The paper represents a model for financial valuation of a firm which has control of the dividend payment stream and its risk as well as potential profit by choosing different business activities among those available to it. This model extends the classical Miller–Modigliani theory of firm valuation to the situation of controllable business activities in a stochastic environment. We associate the value of the company with the expected present value of the net dividend distributions (under the optimal policy). The example we consider is a large corporation, such as an insurance company, whose liquid assets in the absence of control fluctuate as a Brownian motion with a constant positive drift and a constant diffusion coefficient. We interpret the diffusion coefficient as risk exposure, and drift is understood as potential profit.
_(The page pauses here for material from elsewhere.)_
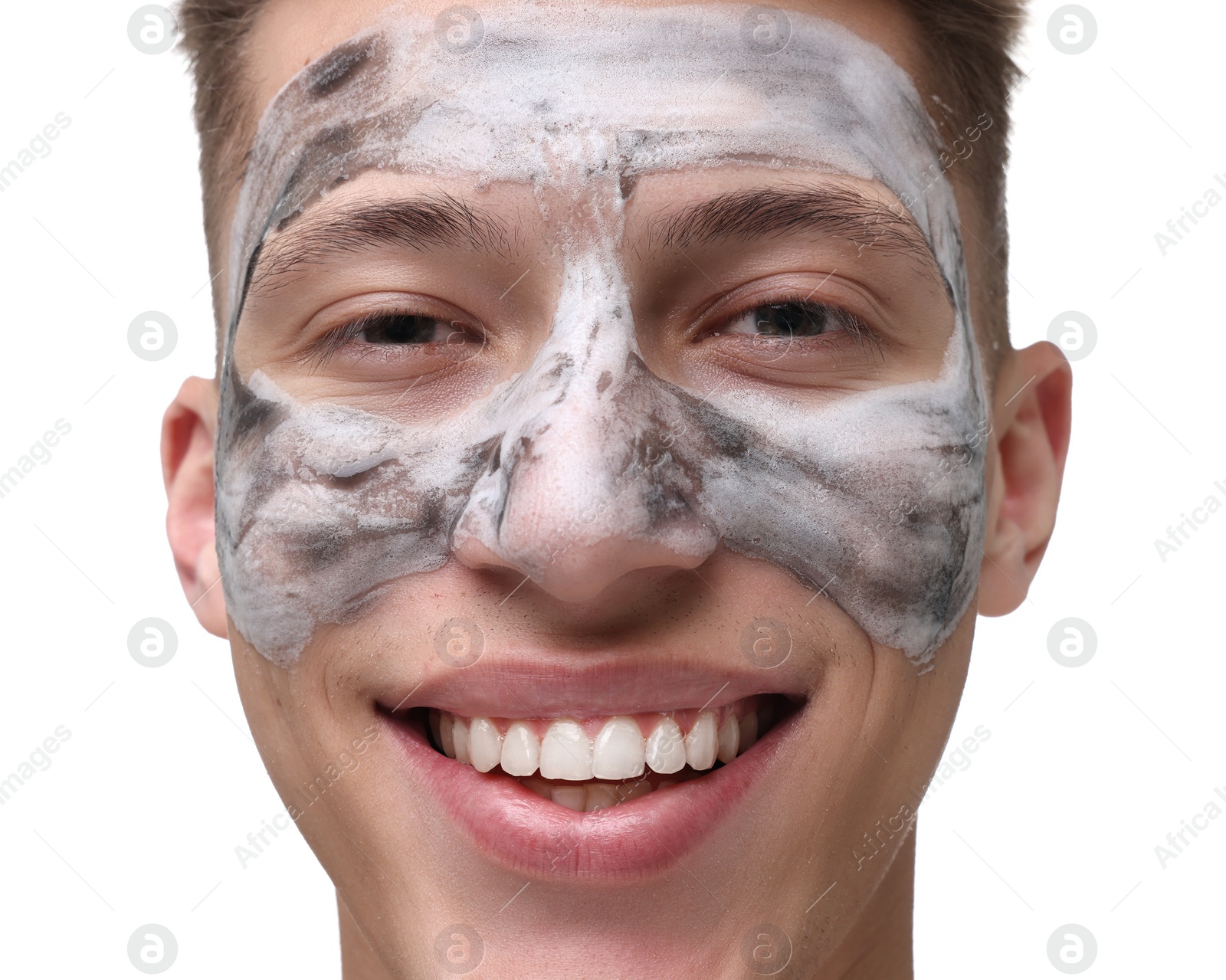 Photo of Handsome man with clay mask on his face against white background, closeup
At each moment of time there is an option to reduce risk exposure while simultaneously reducing the potential profit—for example, by using proportional reinsurance with another carrier for an insurance company. Management of a company controls the dividends paid out to the shareholders, and the objective is to find a policy that maximizes the expected total discounted dividends paid out until the time of bankruptcy. Two cases are considered: one in which the rate of dividend payout is bounded by some positive constant M, and one in which there is no restriction on the rate of dividend payout. We use recently developed techniques of mathematical finance to obtain an easy understandable closed form solution. We show that there are two levels u0 and u1 with u0≤u1. As a function of currently available reserve, the risk exposure monotonically increases on (0,u0) from 0 to the maximum possible. When the reserve exceeds u1 the dividends are paid at the maximal rate in the first case and in the second case every excess above u1 is distributed as dividend. We also show that for M small enough u0=u1 and the optimal risk exposure is always less than the maximal.